Note: To be clear, the definition of ring I'm using includes the multiplicative identity 1.

A while back I wrote a program to exhaustively generate all finite rings of some given order $n$. This post shares the ideas that went into that.

In a computer, a ring of order $n$ can be represented as a pair consisting of an addition table and a multiplication table, each of the tables being $n\times n$. One could then generate the rings by brute force: iterate through all possible pairs of tables and check which ones satisfy the ring axioms. However, the number of pairs of tables, as a function of $n$, is

$$\left(n^{n^2}\right)^2 = n^{2n^2}.$$

For $n=3$ the computation is already infeasible. Luckily there are optimizations that can be made.

One easy observation is that by the classification of finite abelian groups (FAGs), all the valid addition tables are already known. If $G$ is the additive group of an order $n$ ring, then

$$\begin{equation} \label{eq:decompose} G \cong \bigoplus_i\Z_{d_i}\ ,\quad\text{where $d_{i+1}\mid d_i$ and $\prod_i d_i=n$}. \end{equation}$$

The $d_i$'s are called invariant factors. So the problem reduces to generating valid multiplication tables for a given addition able.

Another observation is that the multiplication table is fully determined by its restriction to a set of generators for $G$. The rest of the table can be determined using the distributive law and the addition table. For instance, if $g_1$ and $g_2$ are two generators for $G$, then we can determine the product of $2g_1+g_2$ and $g_1+2g_2$ as follows:

$$(2g_1+g_2)(g_1+2g_2) = ({g_1}^2+{g_1}^2)+(g_1g_2+g_1g_2+g_1g_2+g_1g_2)+g_2g_1+({g_2}^2+{g_2}^2).$$

Thus it suffices to specify the products ${g_1}^2$, $g_1g_2$, $g_2g_1$ and ${g_2}^2$. This reduces the number of multiplication tables that need to be checked to

$$n^{g^2},\ \text{where $g$ is the number of generators.}$$

Clearly it is desirable to minimise $g$. For example, looking at the additive group

$$\Z_4\oplus\Z_3\oplus\Z_2,$$

one's first instinct might be to consider the generators $(1,0,0)$, $(0,1,0)$ and $(0,0,1)$, in which case $g=3$. But this is not the minimum, for we have

$$\Z_4\oplus\Z_3\oplus\Z_2 \cong \Z_{12}\oplus\Z_2,$$

and the RHS can obviously be generated by 2 elements. We can't reduce $g$ to 1 since $\Z_{12}\oplus\Z_2$ is not cyclic, and so $g=2$ is the minimum. Note that when the minimum was attained, $\Z_{12}\oplus\Z_2$ was is in the form of \eqref{eq:decompose}; in general, the minimal number of generators is the number of (non-unit) invariant factors. This can actually be proved quite generally for finitely generated modules over a PID, of which FAGs are a specific example.

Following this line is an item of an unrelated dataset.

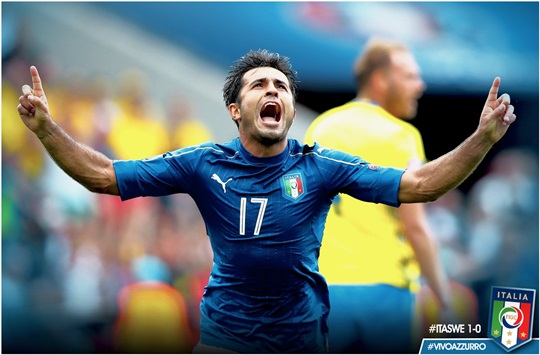 Trong ngày Italia hòa thất vọng, có ai từng nhớ đến một vị cứu tinh gốc Brazil?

Proposition. Let $M$ be a fg module over a PID $D$. The minimum number of generators $g$ for $M$ is equal to the number of (non-unit) invariant factors, $k$.

Proof. Note that $g$ exists and is finite since $M$ is fg. On one hand we have $g\le k$ because given the decomposition $M\cong \bigoplus_{i=1}^k D/(d_i)$ where none of the $d_i$'s are units, there is an obvious generating set of size $k$. On the other hand, $M$ can be realised as a quotient $D^g/K$, and $K$ can be associated with an $n\times g$ matrix $A$, where $n\le g$ and the rows of $A$ generate $K$. The diagonal entries of the Smith normal form of $A$ consist of the invariant factors of $D^g/K$, of which there are $\le g$ of them. $\qed$

From now on I'll use $g$ to denote the minimum number of generators for a given FAG $G$. Furthermore, I will think of elements of $G$ as tuples in the direct sum decomposition $\bigoplus_i\Z_{d_i}$, and I will fix the generators $e_1,\ldots,e_g$, where $e_i$ refers to the tuple with $1$ at the $i$th component and 0 everywhere else. Let's take a moment to examine how the maximum of $g$ across all order $n$ FAGs changes with $n$. This is quite important, since the FAG with the largest $g$ will take up the vast majority of computing time in finding rings.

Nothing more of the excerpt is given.